• [TASK TO CARRY OUT]:
Write out exactly the lines from the one containing "Wood Compact Floor" through the last line of the records below, and no others.

• [THE DATA]:
□ □ □ □ □
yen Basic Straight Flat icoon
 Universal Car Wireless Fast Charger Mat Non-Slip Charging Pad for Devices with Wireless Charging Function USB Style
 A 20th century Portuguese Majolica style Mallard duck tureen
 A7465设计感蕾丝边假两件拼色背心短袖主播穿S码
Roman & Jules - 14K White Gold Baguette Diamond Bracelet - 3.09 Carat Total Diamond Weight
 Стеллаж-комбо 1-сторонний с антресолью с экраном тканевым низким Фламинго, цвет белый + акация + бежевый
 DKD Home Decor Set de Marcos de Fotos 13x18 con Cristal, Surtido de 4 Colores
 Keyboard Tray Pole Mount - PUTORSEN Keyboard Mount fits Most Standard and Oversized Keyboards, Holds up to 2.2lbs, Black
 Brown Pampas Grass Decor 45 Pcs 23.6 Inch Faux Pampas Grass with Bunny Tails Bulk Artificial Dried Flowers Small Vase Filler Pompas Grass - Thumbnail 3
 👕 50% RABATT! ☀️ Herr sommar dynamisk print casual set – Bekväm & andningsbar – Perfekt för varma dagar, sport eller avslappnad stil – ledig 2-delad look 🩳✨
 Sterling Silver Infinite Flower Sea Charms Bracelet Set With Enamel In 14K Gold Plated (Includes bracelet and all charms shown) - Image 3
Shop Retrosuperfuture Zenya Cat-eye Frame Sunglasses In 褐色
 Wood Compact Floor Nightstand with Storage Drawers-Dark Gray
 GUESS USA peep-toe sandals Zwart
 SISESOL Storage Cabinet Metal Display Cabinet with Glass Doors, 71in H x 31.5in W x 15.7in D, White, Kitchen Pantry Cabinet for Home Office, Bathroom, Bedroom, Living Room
□ □ □ □ □
• [ANSWER TO THIS TASK]:
 Wood Compact Floor Nightstand with Storage Drawers-Dark Gray
 GUESS USA peep-toe sandals Zwart
 SISESOL Storage Cabinet Metal Display Cabinet with Glass Doors, 71in H x 31.5in W x 15.7in D, White, Kitchen Pantry Cabinet for Home Office, Bathroom, Bedroom, Living Room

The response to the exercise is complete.